Meg Jay's, "Why 30 is not the new 20" created a lot of buzz. A lot of people were offended that Jay generalized a "happy life" as a traditional life with a marriage, children, enjoyable career. Sure, there are outliers and people that fundamentally don't seek those goals, but I think most of us do seek to be loved and content. I also think many of the critics are just being defensive towards their lack of effectiveness in their 20's. Regardless of your opinion, the talk was provocative and said something that needs more debate. I agree with Jay. 30 is not the new 20.
This is not my opinion. These are the facts. We know that 80 percent of life's most defining moments take place by age 35.
So when we think about child development, we all know that the first five years are a critical period for language and attachment in the brain. It's a time when your ordinary, day-to-day life has an inordinate impact on who you will become. But what we hear less about is that there's such a thing as adult development, and our 20s are that critical period of adult development.
Leonard Bernstein said that to achieve great things, you need a plan and not quite enough time. Isn't that true? So what do you think happens when you pat a twentysomething on the head and you say, "You have 10 extra years to start your life"? Nothing happens. You have robbed that person of his urgency and ambition, and absolutely nothing happens.
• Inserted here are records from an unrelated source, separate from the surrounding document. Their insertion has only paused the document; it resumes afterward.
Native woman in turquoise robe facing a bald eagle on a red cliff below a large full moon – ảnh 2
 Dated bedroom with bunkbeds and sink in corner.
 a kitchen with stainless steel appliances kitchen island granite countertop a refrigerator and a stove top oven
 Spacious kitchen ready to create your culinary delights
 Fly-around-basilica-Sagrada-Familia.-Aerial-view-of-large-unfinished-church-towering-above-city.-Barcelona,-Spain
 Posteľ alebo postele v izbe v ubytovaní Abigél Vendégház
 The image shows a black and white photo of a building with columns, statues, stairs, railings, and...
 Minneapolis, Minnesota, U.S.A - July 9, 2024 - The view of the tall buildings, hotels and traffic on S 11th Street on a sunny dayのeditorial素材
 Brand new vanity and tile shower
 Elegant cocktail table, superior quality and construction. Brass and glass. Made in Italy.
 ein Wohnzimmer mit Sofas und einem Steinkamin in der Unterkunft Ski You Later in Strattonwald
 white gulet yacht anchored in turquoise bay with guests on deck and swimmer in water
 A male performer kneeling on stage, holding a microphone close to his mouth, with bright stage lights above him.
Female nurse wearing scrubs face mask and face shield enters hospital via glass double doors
...I told Emma to forget about having an identity crisis and get some identity capital. By get identity capital, I mean do something that adds value to who you are. Do something that's an investment in who you might want to be next. I didn't know the future of Emma's career, and no one knows the future of work, but I do know this: Identity capital begets identity capital. So now is the time for that cross-country job, that internship, that startup you want to try. I'm not discounting twentysomething exploration here, but I am discounting exploration that's not supposed to count, which, by the way, is not exploration. That's procrastination.
You're deciding your life right now.